The Lemon Grove Kids Meet the Monsters (1965)
February 3, 2013
Alamo Drafthouse RitzAustin, TX
Our Austin chapter presented this incredibly rare screening of a 35mm print of this utterly demented kids’ movie, made by the legendary exploitation wildman, Ray Dennis Steckler. “In Laugh-O-Color!”
In the pantheon of no-budget filmmaking champions, Ray Dennis Steckler stands tall as the ultimate megamaster of backyard exploitation. Through a decades-spanning career spent far away from any manner of respectability, sanity or bank account, Steckler hammered his blazingly original cinematic visions into the eyeballs of all who were brave enough to submit to them.
After a miserably brief stint in the soul-deadening vortex of Hollywood in the early 60’s, and before his extended foray into the world of pornography, he made his bones with financially-impaired films like the superhero head-scratcher Rat Pfink a Boo Boo (the nonsensical name is an enduring mistake made by an incompetent titler) and The Incredibly Strange Creatures Who Stopped Living and Became Mixed Up Zombies!!?.
And while other filmmakers were vying to cash in on the social upheaval of radical times, Steckler was running around his Hollywood neighborhood with his own kids and a 16mm camera, trash-compacting Mad Magazine and Famous Monsters of Filmland influences into his own lunatic tribute to the Bowery Boys movies of the 40’s.

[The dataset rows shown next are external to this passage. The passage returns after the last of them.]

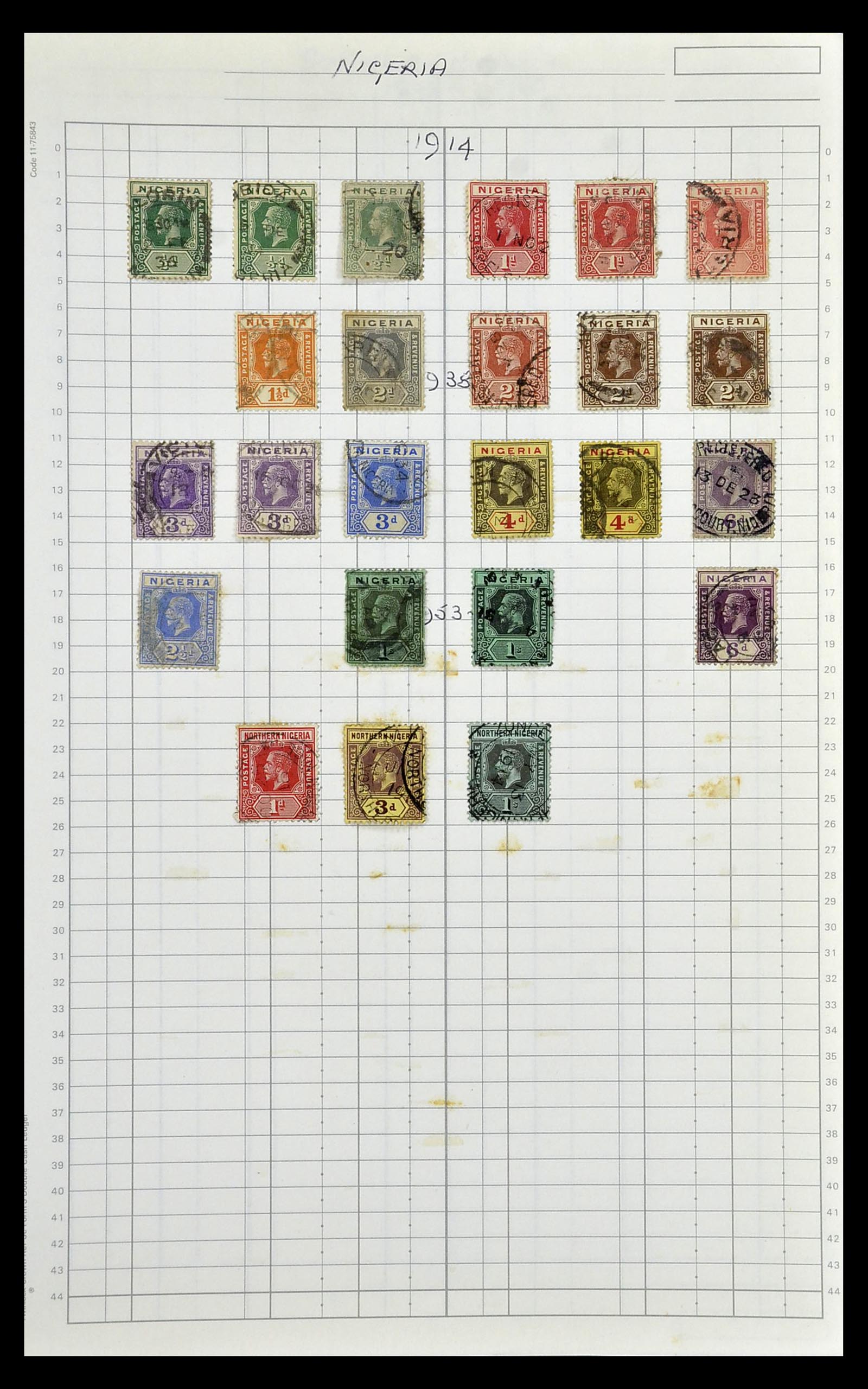 35057 222 - Postzegelverzameling 35057 Engelse koloniën 1870-2000.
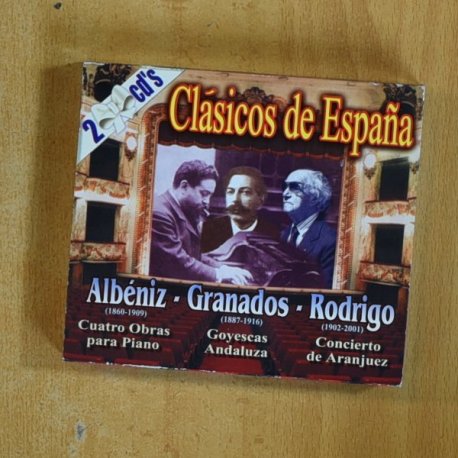 [405329] ALBENIZ / GRANADOS / RODRIGO - CLASICOS DE ESPAÑA - CD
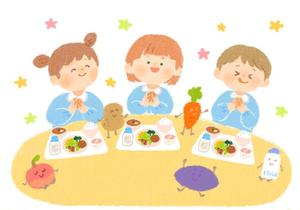 めんたらこ (mentarako_illust)さんの園紹介「栄養満点の給食で免疫力アップ！」のおしゃれなイラストへの提案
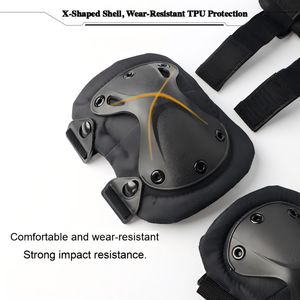 Rodilleras Tácticas Kango al por Mayor, Set de Protección de Doble Uso con Correas Antideslizantes para Motociclismo, Carreras, Bicicleta de Montaña y Trabajos en Suelos - Product Image 1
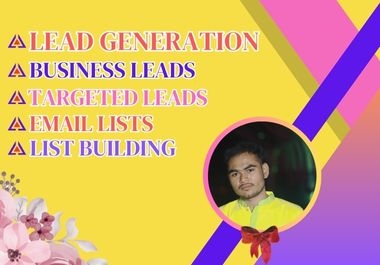 I will do b2b lead generation,  prospect list,  and email list building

Originally intended to be a single full length feature, Lemon Grove Kids ultimately ended up as three half-hour shorts that played in front of kiddie matinees and are now presented together as a single schizo anthology piece. With the manic energy of a living cartoon, Steckler plays the leader of a group neighborhood toughs who get into scrapes with witches, bug aliens, swamis, mummies, gorillas, gangsters, and even the WEST Lemon Grove Kids. Frenzied pacing, rapid-fire yuks, and boundless inventiveness keep these films exploding with entertainment for all ages.